▸ **What you need to do**:
Every line below from the one containing "Kansas City Chiefs" through the one containing "Parka Mujer Azul con Capucha y Pelo" is to be printed exactly, with the pictures omitted.

▸ **The data**:
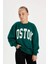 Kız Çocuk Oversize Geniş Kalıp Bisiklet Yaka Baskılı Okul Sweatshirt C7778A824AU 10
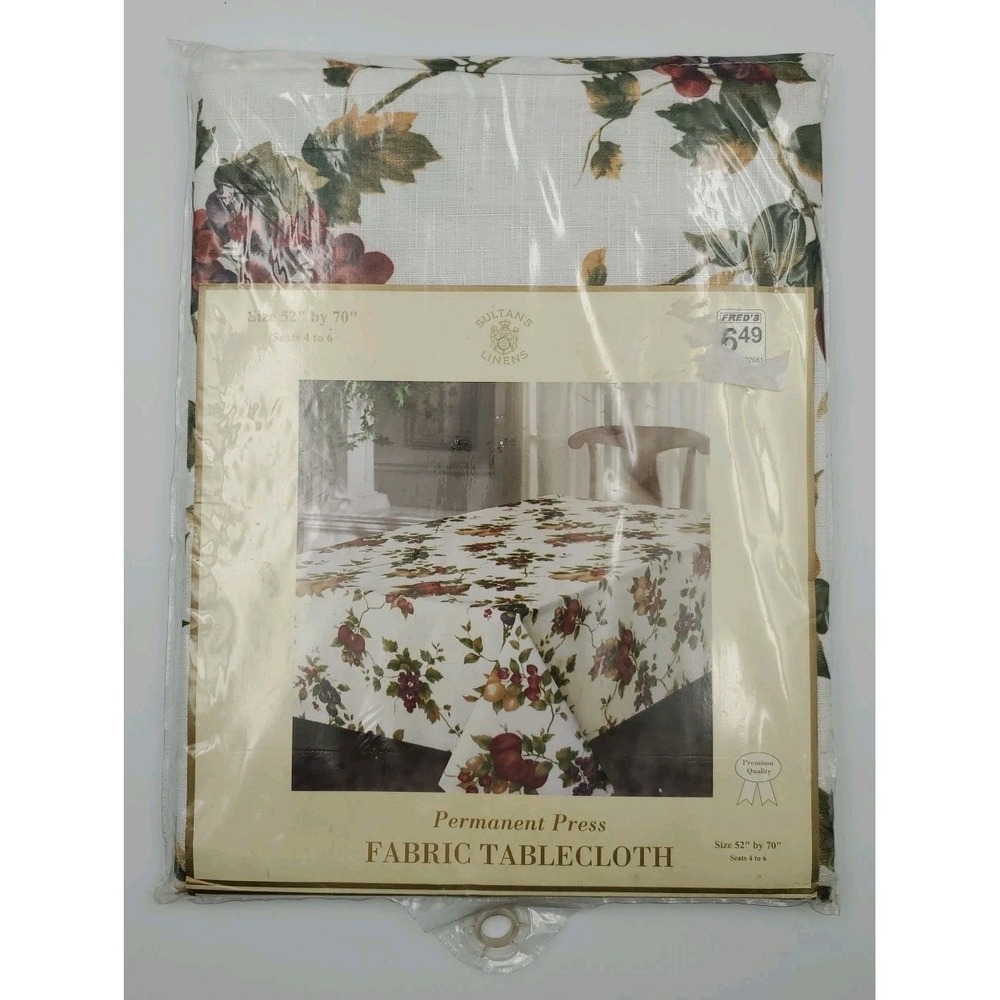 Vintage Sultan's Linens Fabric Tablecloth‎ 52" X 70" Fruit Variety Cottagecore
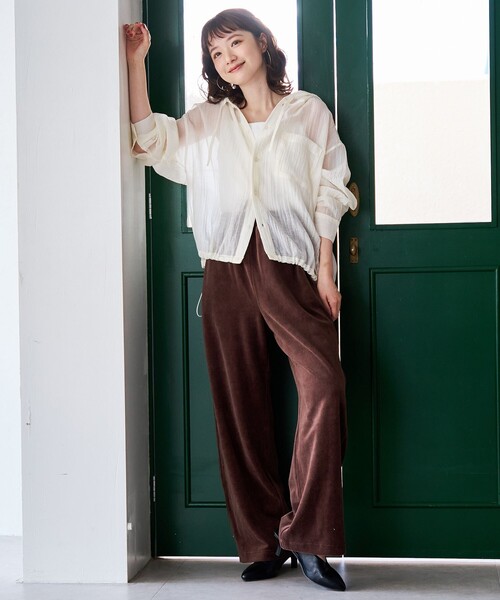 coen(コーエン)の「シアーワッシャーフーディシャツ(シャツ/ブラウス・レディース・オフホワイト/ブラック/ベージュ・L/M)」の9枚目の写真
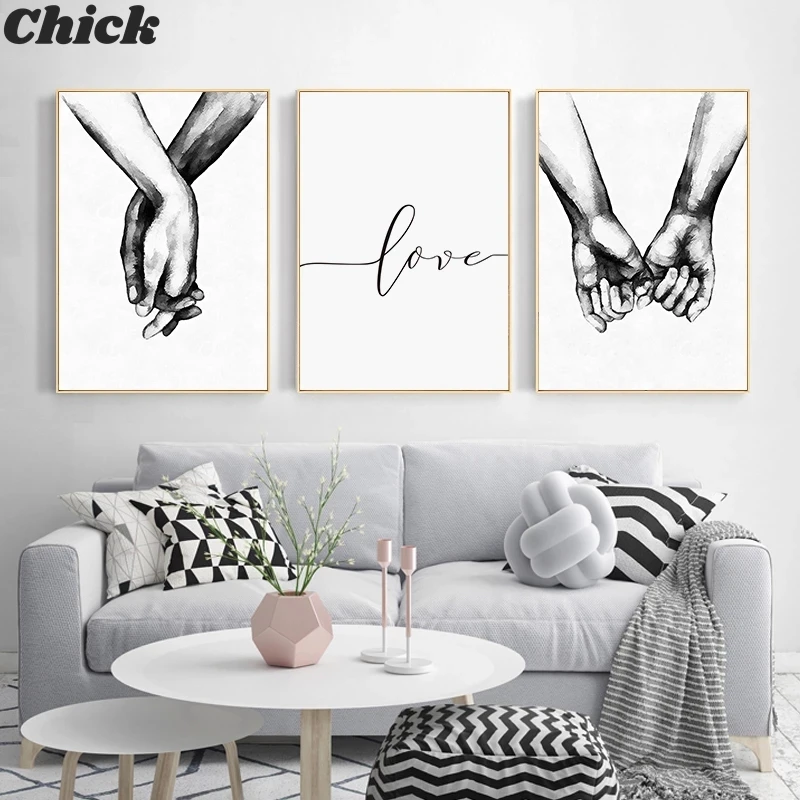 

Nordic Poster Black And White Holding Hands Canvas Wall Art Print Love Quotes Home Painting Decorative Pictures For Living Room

* * *

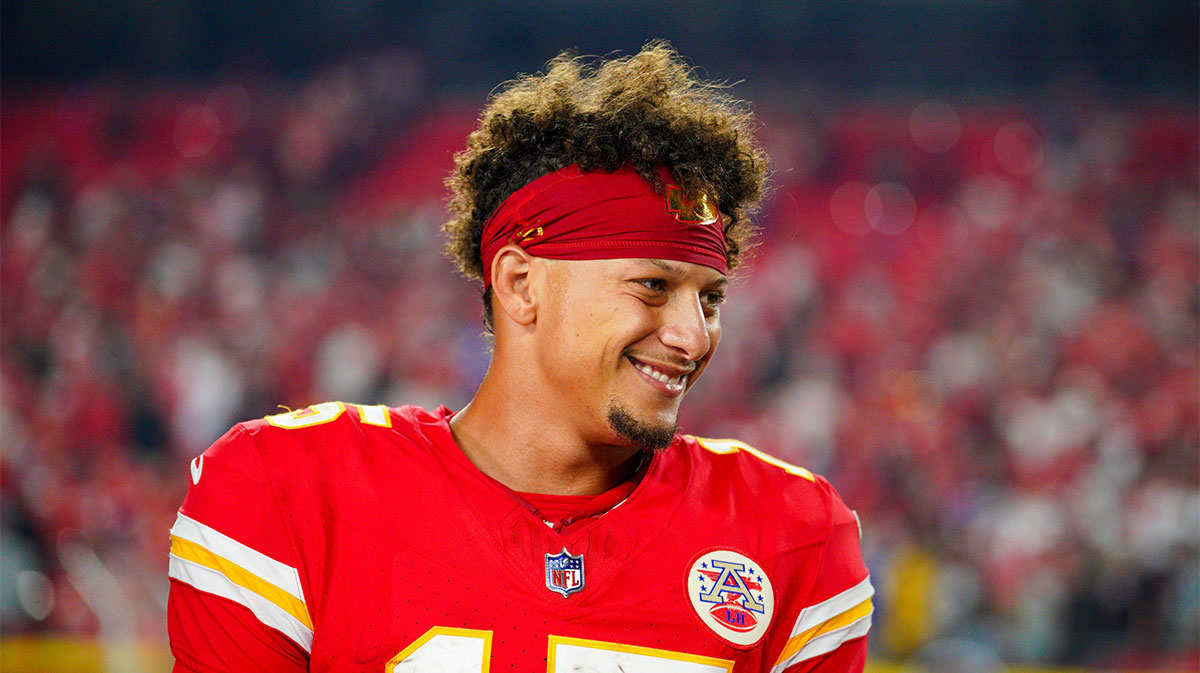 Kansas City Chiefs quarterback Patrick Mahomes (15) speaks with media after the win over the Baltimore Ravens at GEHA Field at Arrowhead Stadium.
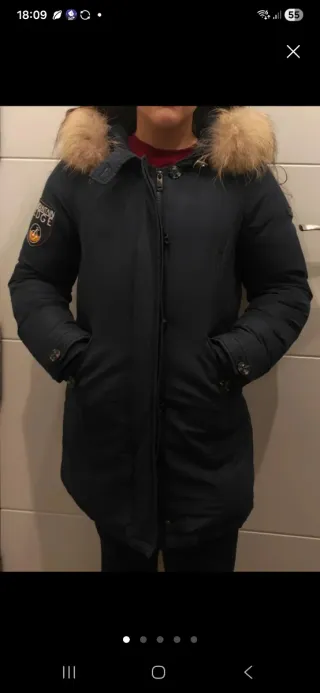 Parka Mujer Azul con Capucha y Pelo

▸ **Task output**:
 Kansas City Chiefs quarterback Patrick Mahomes (15) speaks with media after the win over the Baltimore Ravens at GEHA Field at Arrowhead Stadium.
 Parka Mujer Azul con Capucha y Pelo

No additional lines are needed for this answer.